Data block ->
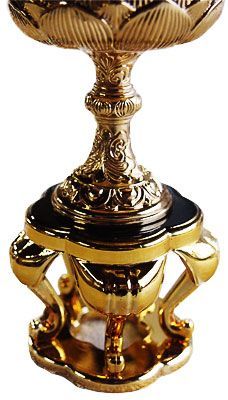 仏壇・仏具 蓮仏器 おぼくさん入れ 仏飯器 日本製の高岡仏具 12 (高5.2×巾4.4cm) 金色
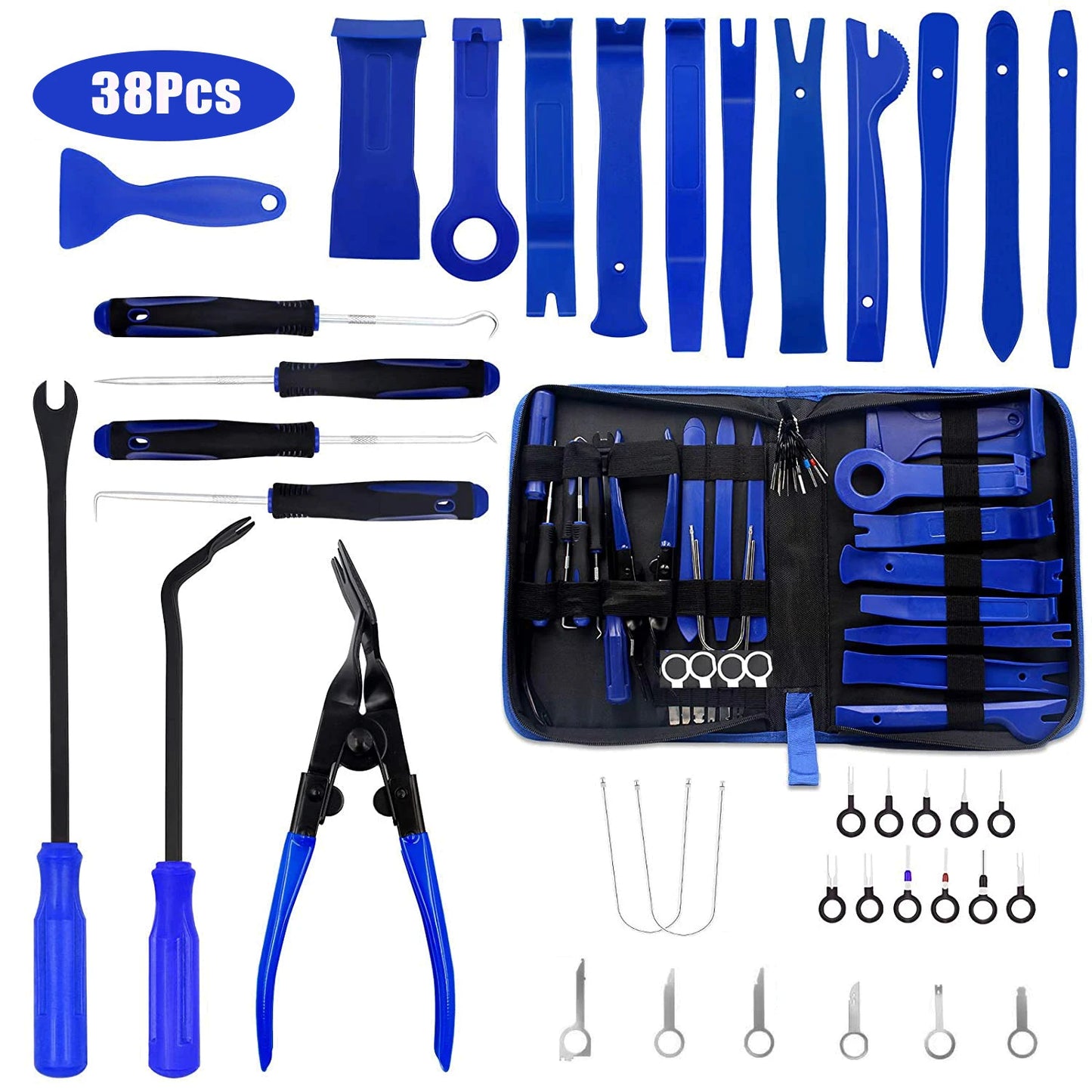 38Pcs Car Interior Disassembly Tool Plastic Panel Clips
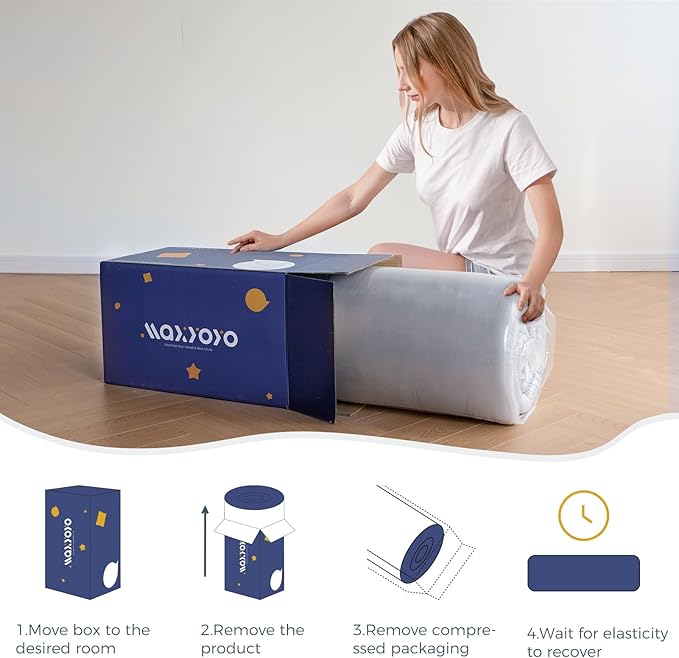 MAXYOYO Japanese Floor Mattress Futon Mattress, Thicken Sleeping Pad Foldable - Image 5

What is required -> Retype the listing above exactly, pictures excluded.

Written answer ->
 仏壇・仏具 蓮仏器 おぼくさん入れ 仏飯器 日本製の高岡仏具 12 (高5.2×巾4.4cm) 金色
 38Pcs Car Interior Disassembly Tool Plastic Panel Clips
 MAXYOYO Japanese Floor Mattress Futon Mattress, Thicken Sleeping Pad Foldable - Image 5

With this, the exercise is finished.